The last day of our February Walla Walla trip was reserved for history!  The Whitman Mission National Historic Site that is – and a stamp in my National Parks Passport!  Being a life-long Washington resident, I learned about the Whitmans in school, and wrote a book report on Narcissa Whitman, but I haven’t read or studied anything about them as an adult.  So it was time to update my knowledge on this piece of history from my neck of the woods.

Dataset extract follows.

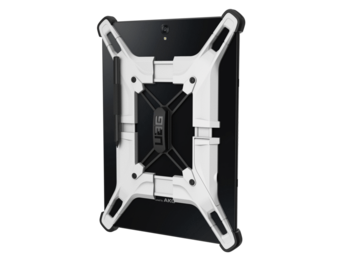 UAG Universal KickStand Back Case For Apple And Android Tablet With Pen Holder 8” To 10” - White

Marcus Whitman was born in western New York State in 1802, and decided early on that he wanted to become a minister.  However, his family was not supportive of his goal; it required seven years of schooling to become a minister.  So he became a doctor instead – that only took 16 weeks!  He never did forget his dream of becoming a minister and later did enter studies to become a minister, but was not able to finish due to an illness.  He eventually decided to become a missionary; it took him awhile to be accepted because of the same illness that ended his ministerial studies.

Narcissa Prentiss was born in Prattsburg, New York in 1808, about 25 miles from Marcus Whitman.  She also had dreams of missionary work, but could not become a missionary as an unmarried woman.  The record isn’t clear on how the two met, or whether it was a marriage of convenience for them to pursue their missionary careers, but they married on February 18, 1836.  They left for the Oregon Territory the next day – what a honeymoon!

The site is located just outside of Walla Walla, near the Walla Walla River, in what was Cayuse territory – the Cayuse call it Waiilatpu.  In 1836 Marcus and Narcissa Whitman and Henry and Eliza Spalding headed west with fur traders along what would become the Oregon Trail to set up two missions in Oregon Territory – Narcissa and Eliza were the first white women to travel overland across the United States.  The Spaldings set up their mission at Lapwai, near present-day Lewiston, Idaho, while Marcus and Narcissa continued to Waiilatpu.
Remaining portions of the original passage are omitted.